I had fun, but I found myself trying to "draw" with paint, which only works for some things. Also, I'm used to colored pencil work which involves layers of colors, but too many layers of watercolor look scrubby and muddy. Agh!  And I couldn't decide whether to use ink for the outline drawing, (first 2) or just go with watercolor (last 2). 
Lots to learn. I kept thinking of that old saying, "Jack of all trades, master of none".

So, tell me—do you enjoy dabbling?  Or would you prefer to be a master of one?

Tuesday, January 20, 2015

A Box of Chocolates

(click to enlarge)

Well, I still can't get enough of linocut printing. This latest piece that I did for Valentine's Day is another reduction print, meaning that first you carve away the areas that you want to stay the paper color. After that first color is printed (the "milk chocolate" color in this piece) you carve away the areas that you want to remain the color that you just printed, and so on. Some artists even do reduction prints of twenty or more colors! One of my favorites is Sherrie York. Her website and blog show the steps in her process so beautifully. Amazing. Ok, back to my little print...

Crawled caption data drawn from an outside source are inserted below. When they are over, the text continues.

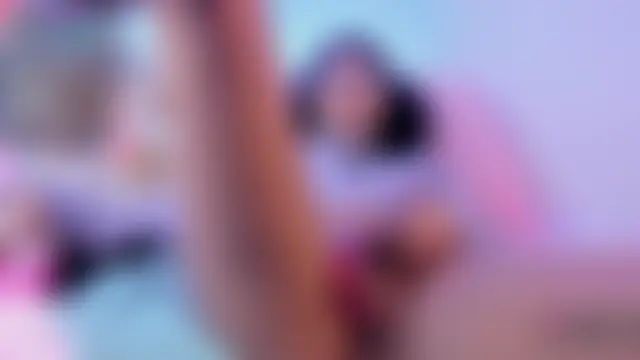 NayeCloud élő XXX-chatje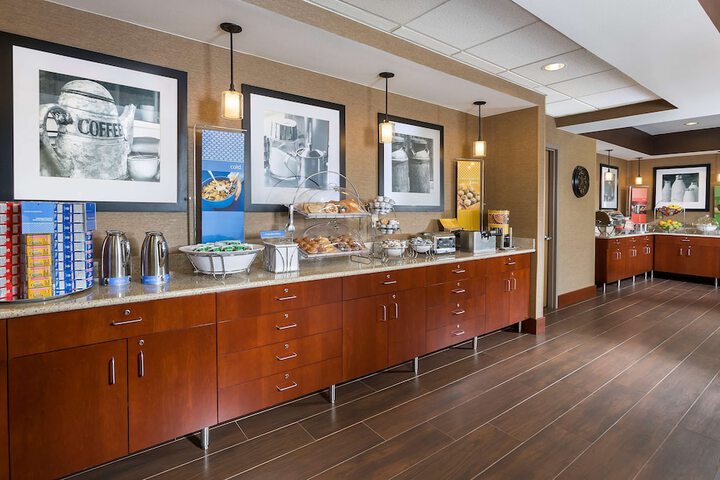 Hampton Inn Mansfield / Ontario
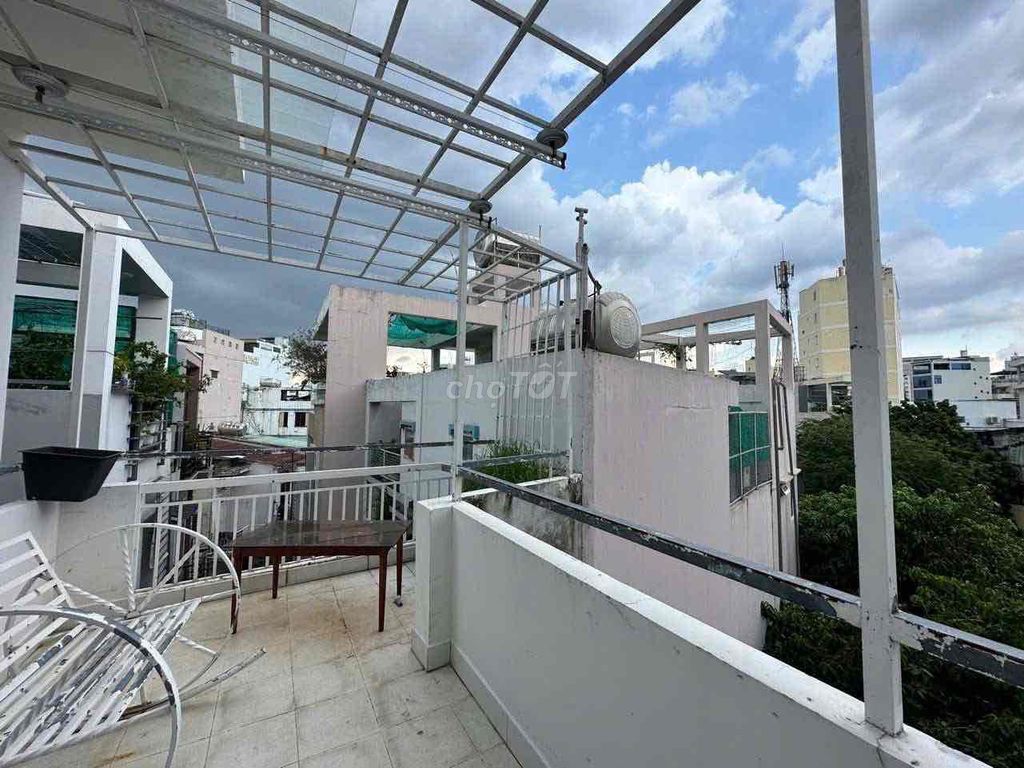 nguyên căn Nguyễn Trọng Tuyển 4 tầng 3pn 3wc chỉ 14 triệu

After printing the milk chocolate and dark chocolate, I "cheated" and made a separate little block for the red heart. I was going to put a border around the image, but after playing around with it, I decided that I like it as is.


I ended up with about ten prints that turned out with varying degrees of success including the one at the top of the post, from which I've made slightly larger digital prints for my Etsy shop. I love how they turned out: I can hardly tell the difference between the original block print and the reproductions!



So, along with this Christmas one, there are now two "A Box of..."

What should be next?


Monday, January 19, 2015

And the answer is...

.
(click to enlarge)

..butternut squash!

Thanks for all of your guesses; most were on the right track! And thank you for your patience—it's been a busy week, and I didn't get this done as soon as I'd planned.

I'm happy with how the outside turned out, but I'm not wild about the inside (which you'd think would be more interesting). Sometimes I just lose interest in a piece that drags out too long; maybe that's the case here. But I do love to eat the inside—it's one of my favorite foods!

Tuesday, January 6, 2015

What am I drawing?




These are the pencils I've pulled to start on my next drawing.

Guesses, anyone?

Friday, January 2, 2015

Tuesday, December 23, 2014

Sleigh bells ring...are you listening?


Well, my block printing obsession seems to be here to stay. After spending hours on a detailed pencil drawing, it's so satisfying to pull print after print off of a carved block. This little print is based upon this drawing of a sleigh bell from a few years ago. It was my first time doing a 2-color print that isn't a reduction print, so it was a bit tricky getting things to register.

 I was thinking that I'd do a separate block to print the red ribbon attached to the bell, but I ended up liking the image of the bell by itself. And I really liked stringing them onto festive string...


...and using them as tags on Christmas packages. Hmmm...maybe I'll make more and use them as garland next year!


I also wanted to do an original little composition of traditional red glass ornaments in a box. The possibilities are endless as far as printing options: varying the colors, etc.


It always takes lots of planning to figure out what prints where...!





I really had trouble registering this one; I ended up re-carving one of the blocks...ugh. I believe that I got one that turned out perfectly. But I love it and I think it will inspire a series of things in boxes...we'll have to see! In the meantime, happy, happy holidays from my house to yours.